* [Exercise objective]: Start at the line in the entries below that contains "923 SW 3rd St — Photo 36", stop at the line that contains "SUZUKI Boulevard C 1500 - Foto", and output exactly the lines in that span, both ends included.

* [Exercise inputs]:

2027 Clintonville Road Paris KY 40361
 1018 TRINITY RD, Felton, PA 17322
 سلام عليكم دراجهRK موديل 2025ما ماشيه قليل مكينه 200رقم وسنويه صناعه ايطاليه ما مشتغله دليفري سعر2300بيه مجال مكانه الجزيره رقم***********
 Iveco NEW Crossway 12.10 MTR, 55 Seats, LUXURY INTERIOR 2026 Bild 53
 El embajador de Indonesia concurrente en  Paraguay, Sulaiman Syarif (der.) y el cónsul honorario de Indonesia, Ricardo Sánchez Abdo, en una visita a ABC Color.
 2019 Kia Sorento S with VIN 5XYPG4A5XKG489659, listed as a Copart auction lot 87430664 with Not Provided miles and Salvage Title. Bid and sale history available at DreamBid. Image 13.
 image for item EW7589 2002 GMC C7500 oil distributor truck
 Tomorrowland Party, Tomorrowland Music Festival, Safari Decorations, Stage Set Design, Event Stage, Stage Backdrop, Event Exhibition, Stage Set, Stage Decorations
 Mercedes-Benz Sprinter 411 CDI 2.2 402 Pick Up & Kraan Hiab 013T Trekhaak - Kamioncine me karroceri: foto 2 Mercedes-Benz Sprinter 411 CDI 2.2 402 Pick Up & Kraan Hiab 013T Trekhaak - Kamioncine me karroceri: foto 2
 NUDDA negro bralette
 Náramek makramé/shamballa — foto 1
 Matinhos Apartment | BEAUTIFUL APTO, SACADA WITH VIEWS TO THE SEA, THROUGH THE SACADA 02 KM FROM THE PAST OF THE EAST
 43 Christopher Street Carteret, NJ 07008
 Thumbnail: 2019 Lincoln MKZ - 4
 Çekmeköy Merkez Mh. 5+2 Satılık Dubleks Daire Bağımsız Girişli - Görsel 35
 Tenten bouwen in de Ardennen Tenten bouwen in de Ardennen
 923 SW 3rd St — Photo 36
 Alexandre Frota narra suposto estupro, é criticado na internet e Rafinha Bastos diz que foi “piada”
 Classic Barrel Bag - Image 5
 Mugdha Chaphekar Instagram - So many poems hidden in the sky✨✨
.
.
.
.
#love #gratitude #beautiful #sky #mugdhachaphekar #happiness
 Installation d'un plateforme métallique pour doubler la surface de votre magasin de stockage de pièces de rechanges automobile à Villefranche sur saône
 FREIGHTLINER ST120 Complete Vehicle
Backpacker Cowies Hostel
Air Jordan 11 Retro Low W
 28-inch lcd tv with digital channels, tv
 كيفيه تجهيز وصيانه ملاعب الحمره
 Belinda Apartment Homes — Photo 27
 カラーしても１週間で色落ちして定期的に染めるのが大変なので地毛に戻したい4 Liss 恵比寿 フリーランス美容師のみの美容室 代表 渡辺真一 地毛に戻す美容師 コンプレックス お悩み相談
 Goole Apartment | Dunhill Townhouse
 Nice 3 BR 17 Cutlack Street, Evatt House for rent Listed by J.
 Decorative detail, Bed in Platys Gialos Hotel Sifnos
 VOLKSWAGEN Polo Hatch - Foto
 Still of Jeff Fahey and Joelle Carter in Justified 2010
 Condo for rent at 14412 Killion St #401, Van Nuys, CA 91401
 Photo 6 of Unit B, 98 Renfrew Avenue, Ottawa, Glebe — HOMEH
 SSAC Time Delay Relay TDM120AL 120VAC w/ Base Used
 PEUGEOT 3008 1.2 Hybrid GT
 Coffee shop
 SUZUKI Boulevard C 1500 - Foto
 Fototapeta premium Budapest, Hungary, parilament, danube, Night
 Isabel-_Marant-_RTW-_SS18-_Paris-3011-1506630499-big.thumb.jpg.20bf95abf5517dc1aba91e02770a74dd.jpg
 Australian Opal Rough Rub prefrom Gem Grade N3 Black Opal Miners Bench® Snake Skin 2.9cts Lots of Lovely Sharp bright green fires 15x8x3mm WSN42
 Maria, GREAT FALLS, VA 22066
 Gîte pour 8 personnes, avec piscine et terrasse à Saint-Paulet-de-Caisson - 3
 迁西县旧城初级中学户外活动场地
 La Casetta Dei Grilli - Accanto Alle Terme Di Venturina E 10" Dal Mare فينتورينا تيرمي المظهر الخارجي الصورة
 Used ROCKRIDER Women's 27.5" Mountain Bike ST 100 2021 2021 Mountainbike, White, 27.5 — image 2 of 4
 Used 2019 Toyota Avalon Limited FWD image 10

* [Exercise output]:
 923 SW 3rd St — Photo 36
 Alexandre Frota narra suposto estupro, é criticado na internet e Rafinha Bastos diz que foi “piada”
 Classic Barrel Bag - Image 5
 Mugdha Chaphekar Instagram - So many poems hidden in the sky✨✨
.
.
.
.
#love #gratitude #beautiful #sky #mugdhachaphekar #happiness
 Installation d'un plateforme métallique pour doubler la surface de votre magasin de stockage de pièces de rechanges automobile à Villefranche sur saône
 FREIGHTLINER ST120 Complete Vehicle
Backpacker Cowies Hostel
Air Jordan 11 Retro Low W
 28-inch lcd tv with digital channels, tv
 كيفيه تجهيز وصيانه ملاعب الحمره
 Belinda Apartment Homes — Photo 27
 カラーしても１週間で色落ちして定期的に染めるのが大変なので地毛に戻したい4 Liss 恵比寿 フリーランス美容師のみの美容室 代表 渡辺真一 地毛に戻す美容師 コンプレックス お悩み相談
 Goole Apartment | Dunhill Townhouse
 Nice 3 BR 17 Cutlack Street, Evatt House for rent Listed by J.
 Decorative detail, Bed in Platys Gialos Hotel Sifnos
 VOLKSWAGEN Polo Hatch - Foto
 Still of Jeff Fahey and Joelle Carter in Justified 2010
 Condo for rent at 14412 Killion St #401, Van Nuys, CA 91401
 Photo 6 of Unit B, 98 Renfrew Avenue, Ottawa, Glebe — HOMEH
 SSAC Time Delay Relay TDM120AL 120VAC w/ Base Used
 PEUGEOT 3008 1.2 Hybrid GT
 Coffee shop
 SUZUKI Boulevard C 1500 - Foto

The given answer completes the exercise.